はがき随筆・鹿児島

はがき随筆ブログにようこそ!毎日新聞西部本社の各地方版に毎朝掲載される
「はがき随筆」は252文字のミニエッセイです。

はがき随筆10月度

2016-12-10 12:57:38 | 受賞作品
はがき随筆10月度月間賞は次の皆さんでした。
 【優秀作】3日「駅長ニャン太郎」小向井一成=さつま町宮之城屋地
【佳作】5日「雨の音」山下秀雄=出水市西出水町
▽18日「スカイプ」下内幸一=鹿児島市紫原


「駅長ニャン太郎」は、聴覚障害の若い2人づれと、心の通う意思の疎通ができた喜びが書かれています。そのきっかけを作ったのは、肥薩線の古い駅の駅長に任命されている可愛らしい猫でした。
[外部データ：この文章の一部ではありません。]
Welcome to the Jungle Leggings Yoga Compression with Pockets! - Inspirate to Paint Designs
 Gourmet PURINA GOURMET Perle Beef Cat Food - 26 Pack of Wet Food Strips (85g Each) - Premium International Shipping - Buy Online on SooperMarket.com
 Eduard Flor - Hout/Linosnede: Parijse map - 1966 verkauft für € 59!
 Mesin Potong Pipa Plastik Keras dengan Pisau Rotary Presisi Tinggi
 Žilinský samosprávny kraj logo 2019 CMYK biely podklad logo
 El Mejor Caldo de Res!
はじめは躊躇していましたが、障害者だから会話はできないと思いこむのではなく、一歩を踏み出した結果が、暖かい文章になっています。
 「雨の音」 近くの学校の「水滴石をも穿つ」という垂れ幕は、日ごろのたゆみない努力の大事さを教えたものですが、そこから起こる連想が書かれています。大きな雨音からは、熊本の被災地の方々の苦労が、そこから被災者の日常の復帰への道のりへの同情、そして僅かな水滴が落ちるような日々をくり返すことのできる自分の幸福を今更のように感謝されています。
 「スカイプ」 この随筆ではお孫さんの可愛さがよく素材になりますが、今度はテレビ電話での2人のお孫さんとの会話です。文明の利器の利用には、拒絶される方も重宝される方も、それこそ人それぞれですが、離れた相手の顔を見ながら話ができる。それが当然のことのように私達の日常の生活に入り込んでいることには、軽い驚きを感じます。
 この他に3編を紹介します。
 有村好一さんの「立ち寄り湯」は、日当山温泉でスウェーデン人の青年に会うと、温泉が好きで指宿に行くという。自分の住んでいる街なので、方々を案内してあげたら喜んで帰って行ったという、心温まる内容です。
 高橋誠さんの「スペイン語辞典」は、毎日ペンクラブの勉強会の際、スペイン語辞書の忘れものがあり、スペイン語を勉強している奥さまに持ち主を探させようとしたら、偶然それは奥さまのものでした。
 野崎正昭さんの「からいも神様」は、なんとなくおろそかにされがちなサツマイモ礼賛の文章です。大飢饉のときも薩摩藩からは「からいも」のために餓死者は出なかったという。山川の徳光神社や千葉の昆陽神社など、いも神様は大事に祭られている。